(Collected data entries)
━━━━━━━━━━━━━━━━━━━━

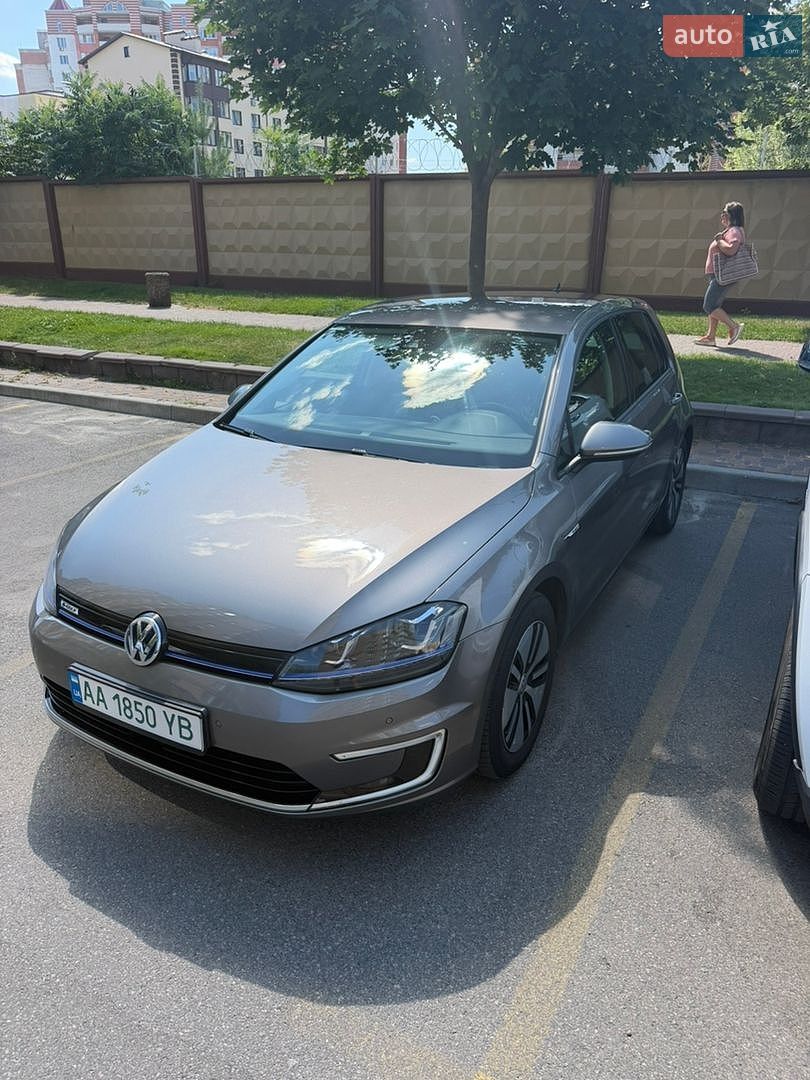 Volkswagen e-Golf 2015 VIN WVWZZZAUZFW910892 фото оголошення 2 з 29
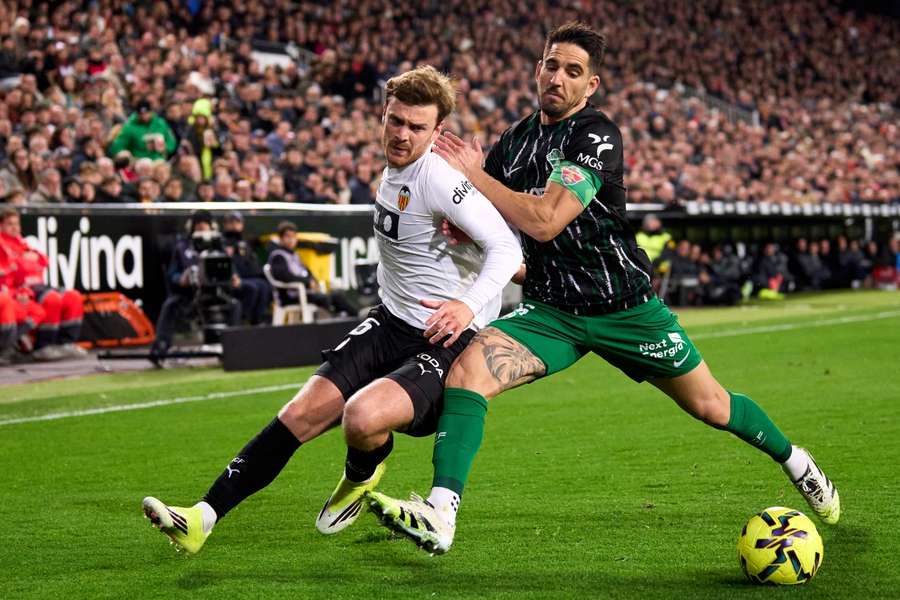 Lance del Valencia-Elche de ida entre Lucas Beltrán y Pedro Bigas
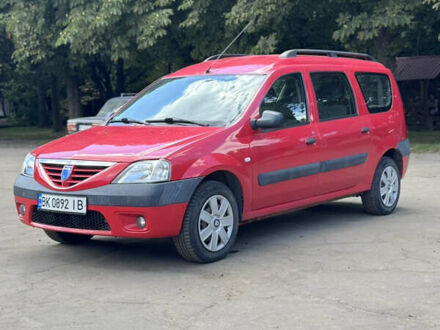 Дачия Логан 2008 в Млынове на Automoto.ua Красный Дачия Логан, объемом двигателя 1.6 л и пробегом 192 тыс. км за 5000 $, фото 1 на Automoto.ua
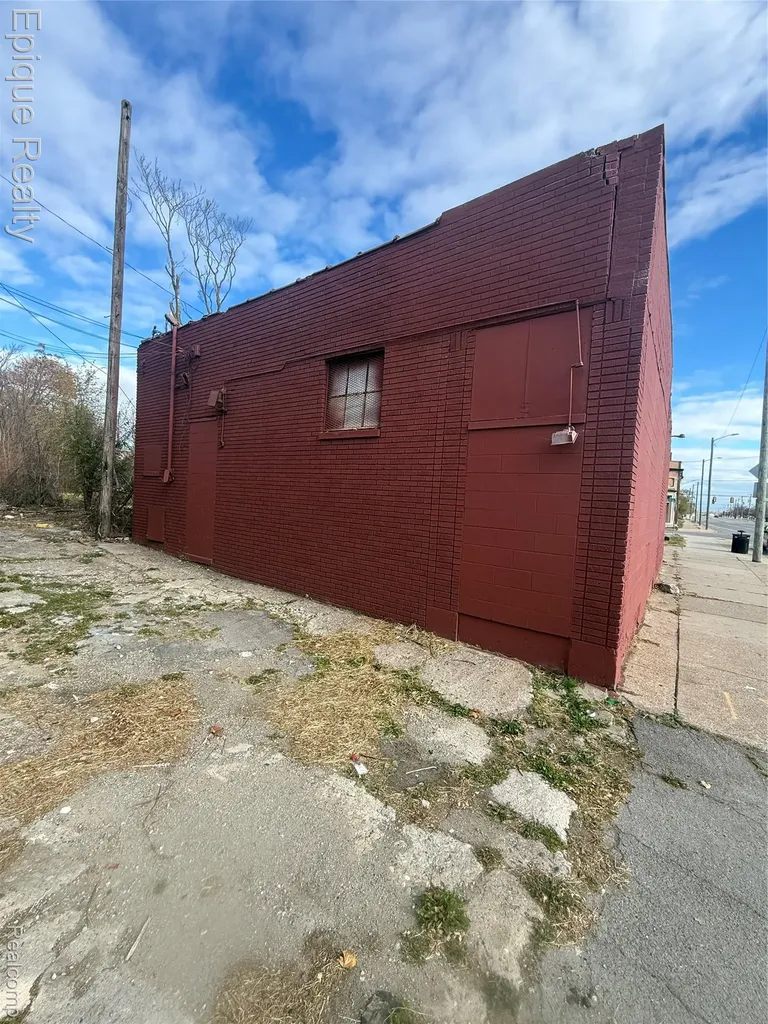 10527 E Warren Avenue Detroit City MI 48214
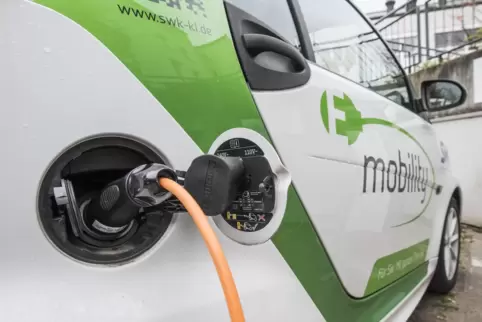 E-Autos, E-Bikes und Lastenräder dürfen an dem Abend bei Testfahrten ausprobiert werden. Die SWK stellen zudem ihr neues E-Car-S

━━━━━━━━━━━━━━━━━━━━

EXERCISE OBJECTIVE :: Your answer must be the lines above from the one holding "Lance del Valencia-Elche" up to and including the one holding "10527 E Warren Avenue Detroit City MI 48214", exact and with no pictures.

PROBLEM SOLUTION ::
 Lance del Valencia-Elche de ida entre Lucas Beltrán y Pedro Bigas
 Дачия Логан 2008 в Млынове на Automoto.ua Красный Дачия Логан, объемом двигателя 1.6 л и пробегом 192 тыс. км за 5000 $, фото 1 на Automoto.ua
 10527 E Warren Avenue Detroit City MI 48214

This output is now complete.